Sensitive information that has been poorly obfuscated can be reversed to discover very specific information about individuals. This has been such a big concern for individuals and corporations since 1998, when GeoCities had told customers information would not be shared but then sold the data to third parties.  The FCC ruled that companies must not lie about their privacy policies.

Think about how many companies have you agree to a privacy policy and sometimes, due to bad anonymization, sensitive information can leak out. One of the most egregious example is from the early 90’s when Latanya Sweeney discovered that about 90% of the US population could be uniquely identified by their zip code, birthdate, and sex. To prove this point, Sweeney bought voter rolls (public record) and combined it with data from GIC, a health insurance purchaser for state employees. Though GIC had removed names, SSN’s, and home addresses, Sweeney was able to identify the governor’s health records, including prescriptions (who personally vouched for the security of the anonymization).

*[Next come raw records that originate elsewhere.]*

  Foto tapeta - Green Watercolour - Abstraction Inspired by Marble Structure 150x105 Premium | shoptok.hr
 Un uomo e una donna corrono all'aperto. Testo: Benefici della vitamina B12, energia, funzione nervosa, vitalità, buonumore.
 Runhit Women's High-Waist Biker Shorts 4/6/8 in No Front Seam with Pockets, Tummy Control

Though this incident of health care re-identification was ‘contained’ to Massachusetts, reidentification is a problem that affects just about everyone, including tech giants.

2006 had two famous examples of breach of privacy of two well known companies, Netflix and AOL. Netflix announced a competition to beat their suggestion algorithm, so people could train and test their solutions. Netflix removed the usernames of 500,000 users from their ratings, but gave unique identifiers in the place of usernames. In a study conducted on this data researchers coupled ratings on IMDB (that had usernames associated with the IMDB profile) with the Netflix database, and just 6 movie ratings, nearly all users in Netflix’s database were discovered.

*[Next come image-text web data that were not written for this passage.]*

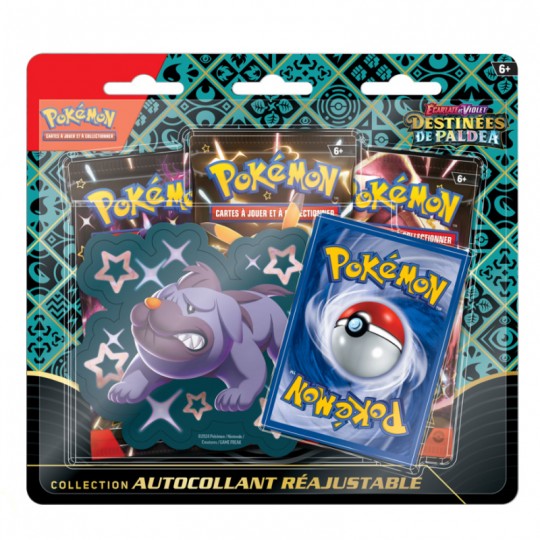 Tripack Collection autocollant réajustable Grondogue Écarlate et Violet EV4.5 Destinées de Paldea Pokémon - 1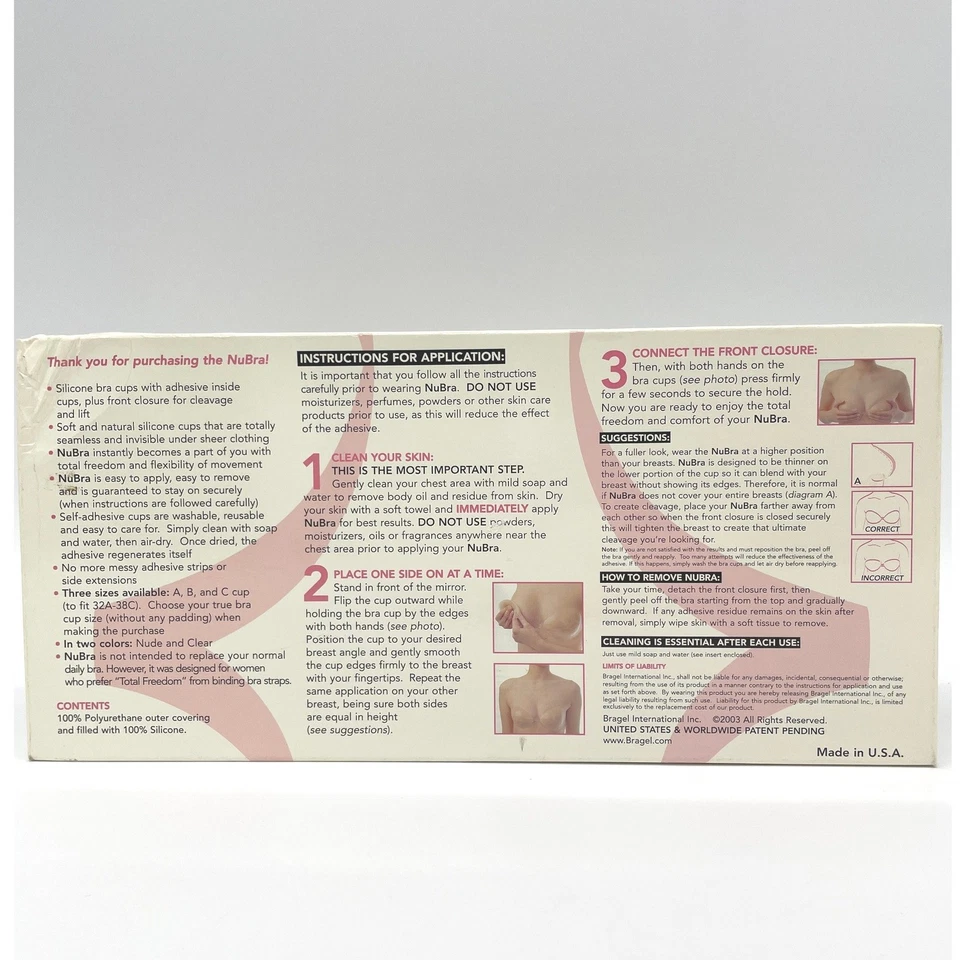 Женский клейкий силиконовый бюстгальтер NuBra чашка мокко без бретелек без спинки N108 - Изображение 2 из 4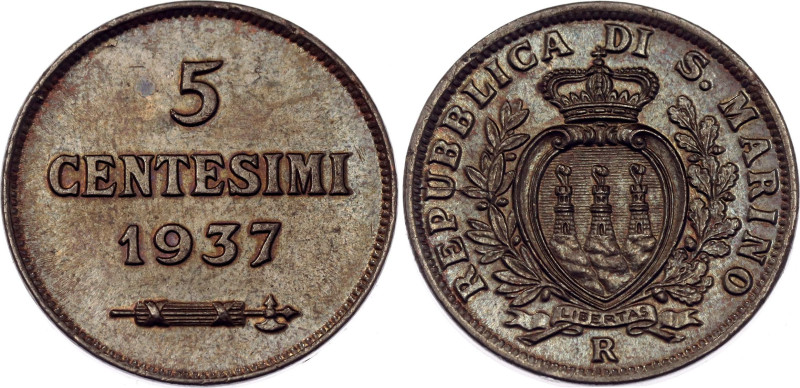 San Marino 5 Centesimi 1937 R

KM# 12, N# 9701; Bronze; Rome Mint; UNC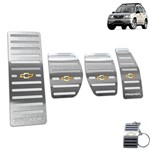 Ficha técnica e caractérísticas do produto Kit Pedaleira + Descanso Chevrolet Tracker 2001 a 2009 Inox - Jr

AOL similarly released tens of millions of search queries from a 3 month time span, and anonymized the data by removing usernames and IP Addresses, and again gave unique identifiers for each user, meaning each user was still uniquely marked but not immediately identifiable. Using this data, researchers were able to combine the searches for a single user and discover personal information about them using all their searches, such as “how is the weather in New York City”, “what’s fun for a 18 year old to do on Saturday”, searching their own name or SSN’s. Thus giving anyone who is interested, and committed enough, personal information that should be left undisclosed. Some of the information included things of a more private nature, such as how to come out as an abuse victim to your family, or how to get out of an abusive relationship.

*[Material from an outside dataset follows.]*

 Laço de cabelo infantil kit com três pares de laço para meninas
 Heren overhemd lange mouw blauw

In 2009 Carnegie Mellon discovered a way to analyze data to discover the SSN of an individual. They did this using only the birth location (as SSN’s use physical location as the first 5 numbers). The last four numbers were reduced to only 1000 combinations, and they reduced this by using public death records that record SSN’s to find a pattern of the last 4 digits with high correlation to birthdate. Thus with only two little pieces of information (both of which are pretty much provided by any social networking website), and a little work it’s relatively easy to uncover an individual’s social security number.

Congress passed a bill last week that allows the government and commercial operators of drones to collect potentially personally identifiable data about individuals (including facial recognition), without disclosing it. Also, this bill did not include provisions on how they would use the data and if/when it would be destroyed, showing that we still face concerns over our privacy.

Pokemon Go even had a terrible breach of privacy on the iOS version of the app, which originally required rights to a user’s entire Gmail account. Some even went as far to say this included the ability to send emails, read calendar events, access contacts, and photos. Though developer Niantic says no information was gathered, one thing is clear.  Privacy is not a growing concern. You must be be careful about what you share even with Pokemon.

Be careful what you share, the most insidious (and perhaps one of the best ways) to extract personal information is to ask for it. People are very careful about what they know will compromise them, but the data that they feel won’t compromise them they are freely willing to distribute. However, even professionals will sometimes fail to keep data truly anonymous, and sometimes deeply embarrassing or highly private data can be compromised because of it. Assume you’re already compromised, and take provisions to stay secure.